Data section »

▽

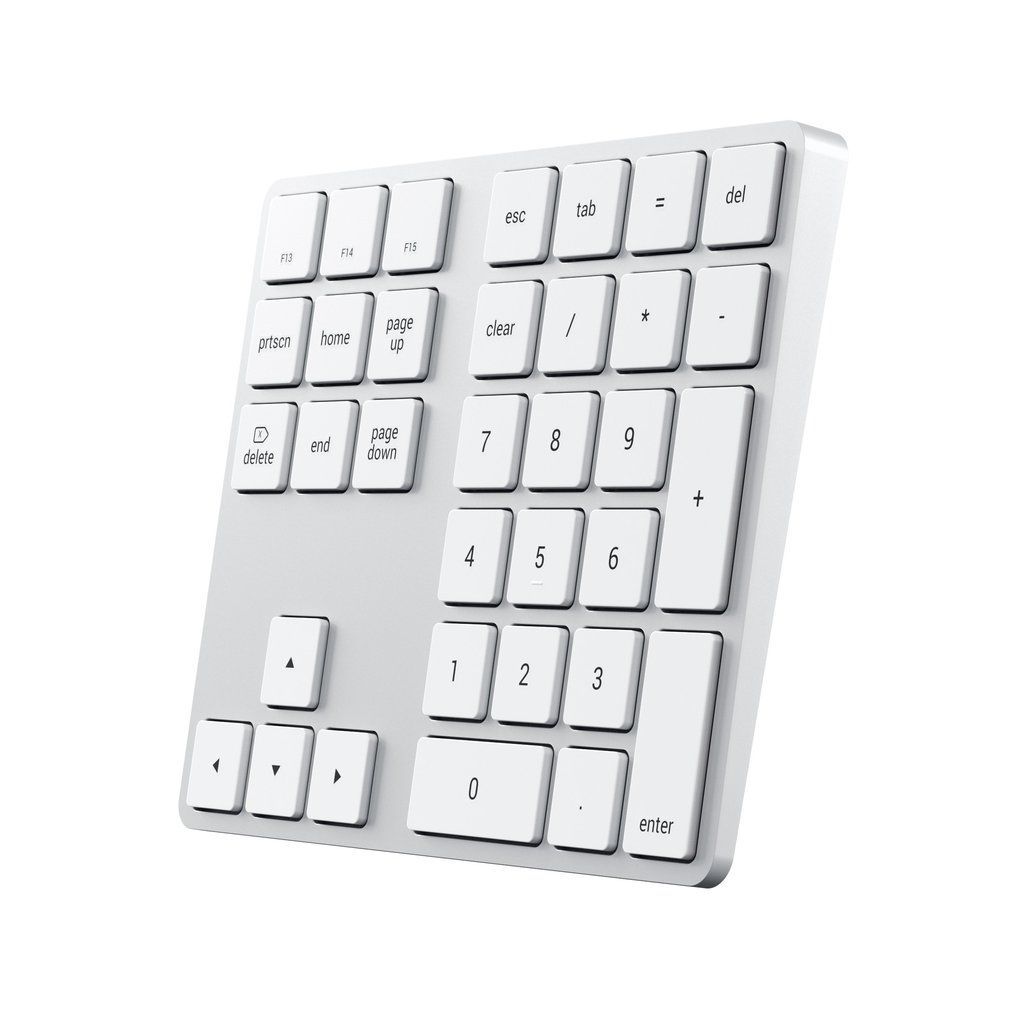 Satechi Aluminum Bluetooth Extended Keypad Silver Satechi Aluminum Bluetooth Extended Keypad Silver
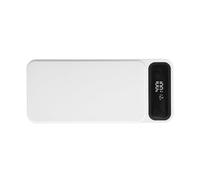 Wzxksoac DIY Mobile Power Case 22.5W Fast Charger Temperature Control Charging Discharging Protection for 8PCS 18650 Lithium Battery White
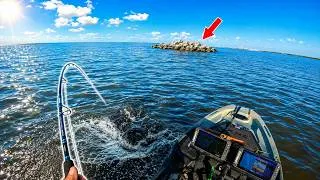 Thumbnail: I Was Flounder Fishing this Old Rock Jetty until THIS HAPPENED** MONSTER FISH LANDED**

△

Assigned task »
Could you transcribe exactly the lines from the one with "Wzxksoac DIY Mobile" through the end of the data, both ends included, and nothing else, skipping the pictures?

Answer below »
 Wzxksoac DIY Mobile Power Case 22.5W Fast Charger Temperature Control Charging Discharging Protection for 8PCS 18650 Lithium Battery White
 Thumbnail: I Was Flounder Fishing this Old Rock Jetty until THIS HAPPENED** MONSTER FISH LANDED**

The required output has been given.